| TASK DIRECTIONS |
No pictures, please. Copy exactly the lines from the one with "Stylish Snapback Trucker" through the final line below.

*** Opening RECORD SET ***

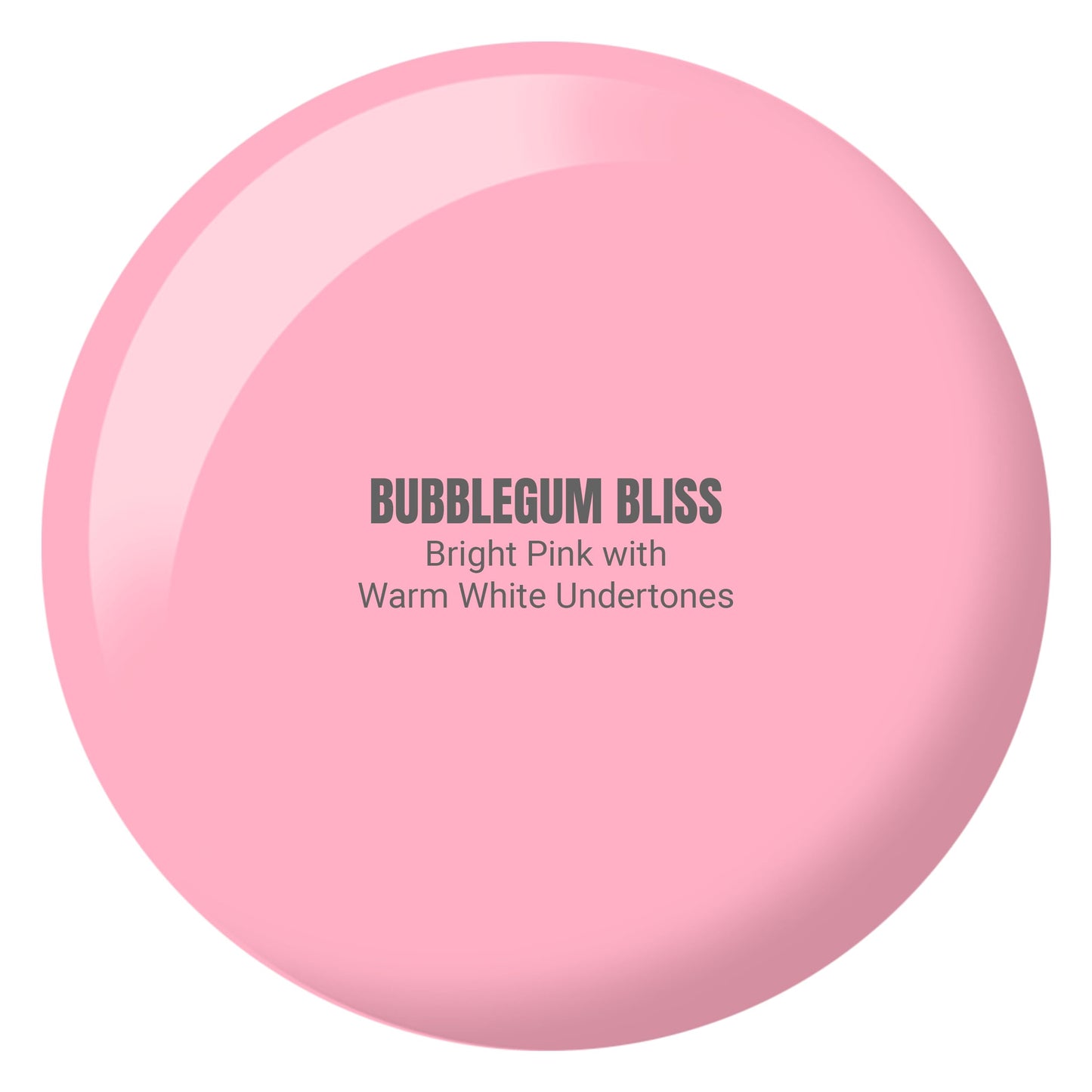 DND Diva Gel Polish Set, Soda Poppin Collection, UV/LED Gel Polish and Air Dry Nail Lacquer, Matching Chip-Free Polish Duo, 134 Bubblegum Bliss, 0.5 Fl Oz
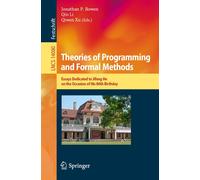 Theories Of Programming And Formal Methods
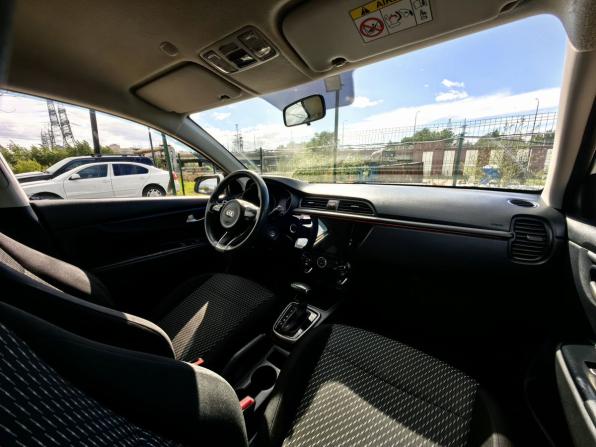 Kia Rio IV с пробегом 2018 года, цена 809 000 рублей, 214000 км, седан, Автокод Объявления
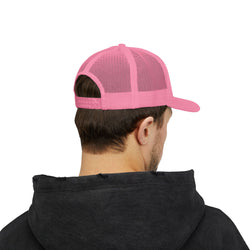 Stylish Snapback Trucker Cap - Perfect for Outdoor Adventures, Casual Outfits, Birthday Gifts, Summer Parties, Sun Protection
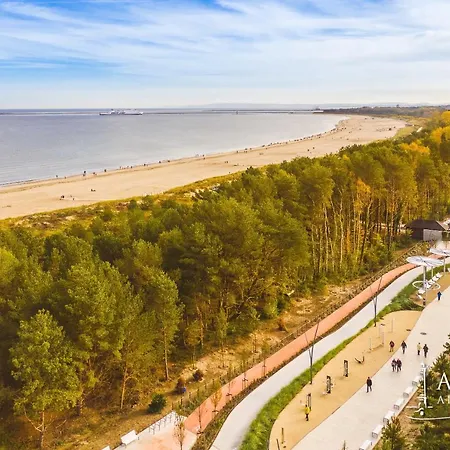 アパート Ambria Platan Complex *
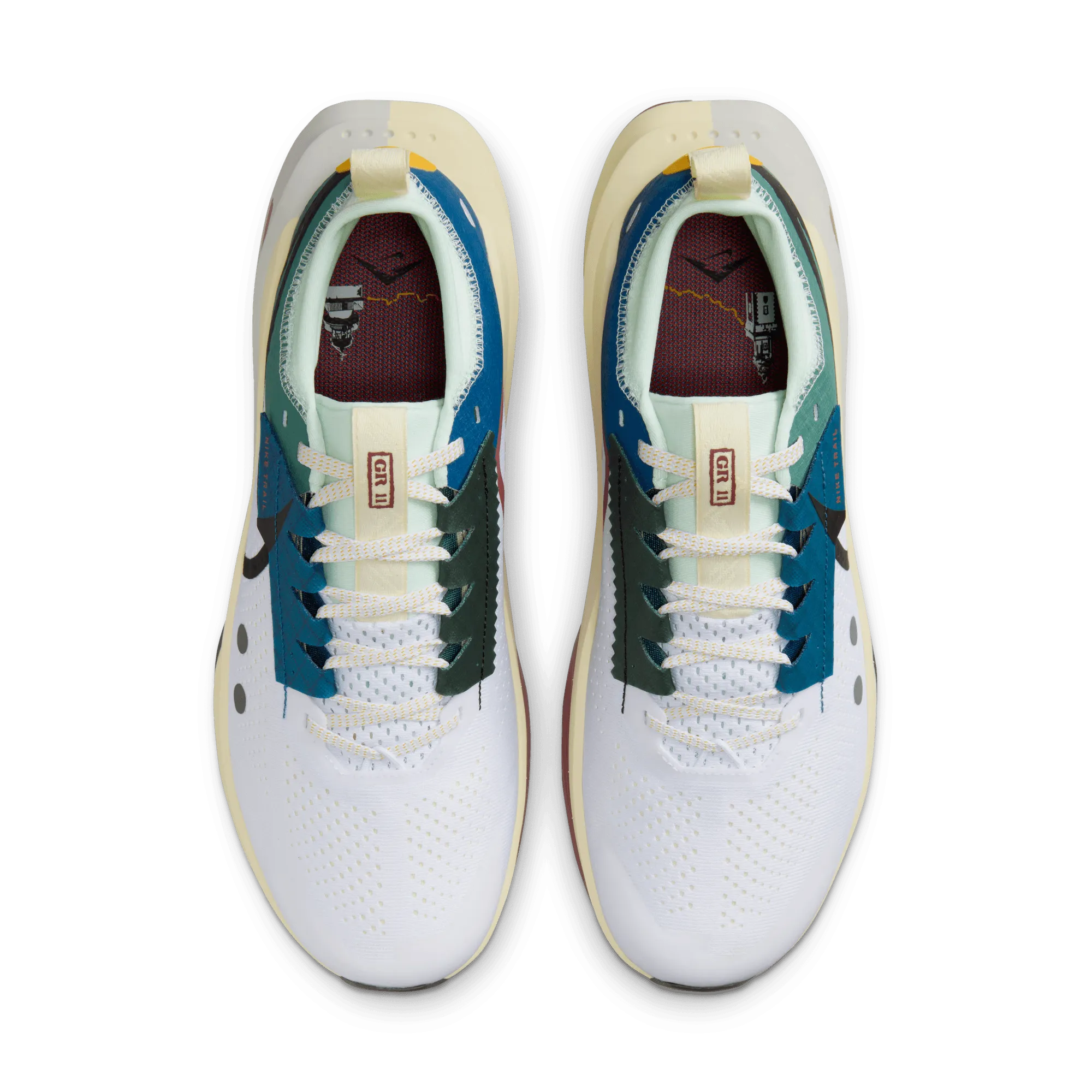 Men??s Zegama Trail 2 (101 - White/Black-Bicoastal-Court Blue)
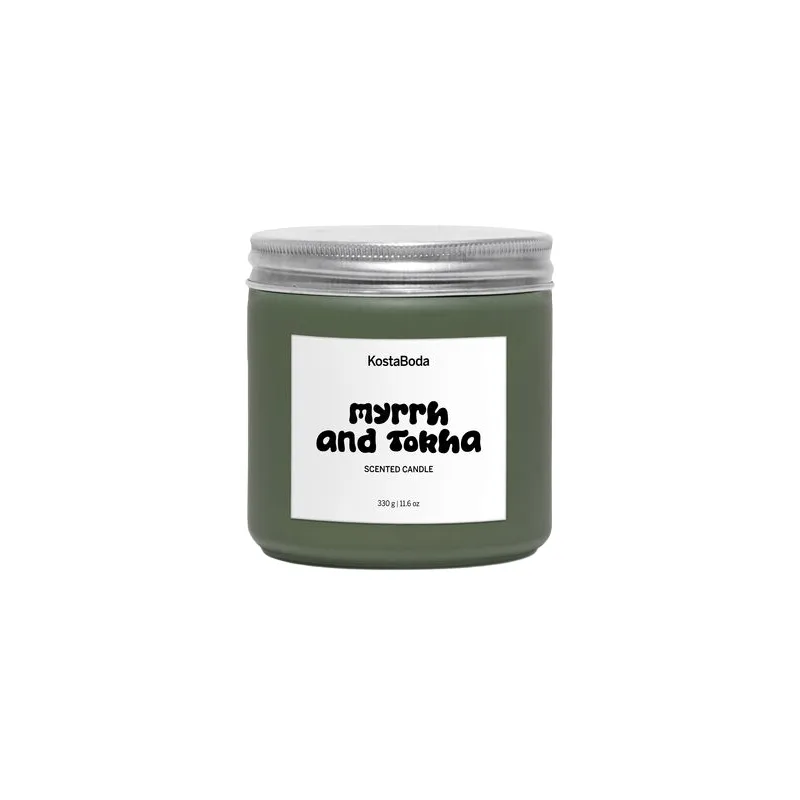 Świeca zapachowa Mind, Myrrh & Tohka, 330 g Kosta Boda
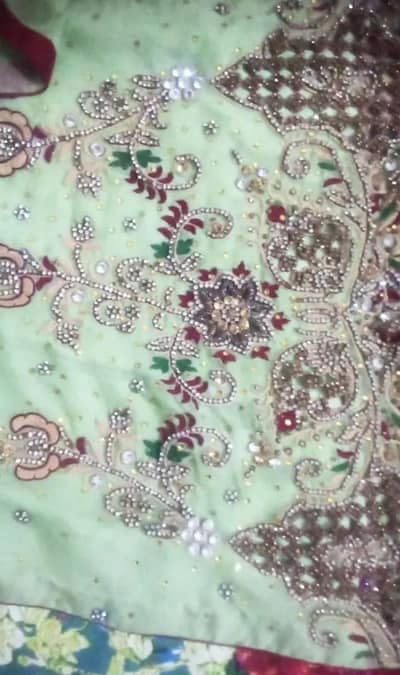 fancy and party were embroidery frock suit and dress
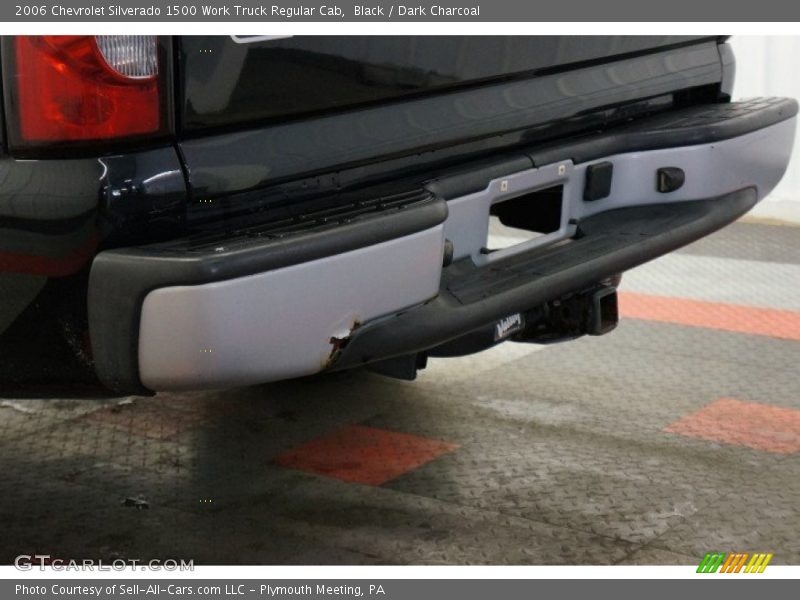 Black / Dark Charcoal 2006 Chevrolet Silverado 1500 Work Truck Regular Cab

*** Closing RECORD SET ***

| SOLUTION |
 Stylish Snapback Trucker Cap - Perfect for Outdoor Adventures, Casual Outfits, Birthday Gifts, Summer Parties, Sun Protection
 アパート Ambria Platan Complex *
 Men??s Zegama Trail 2 (101 - White/Black-Bicoastal-Court Blue)
 Świeca zapachowa Mind, Myrrh & Tohka, 330 g Kosta Boda
 fancy and party were embroidery frock suit and dress
 Black / Dark Charcoal 2006 Chevrolet Silverado 1500 Work Truck Regular Cab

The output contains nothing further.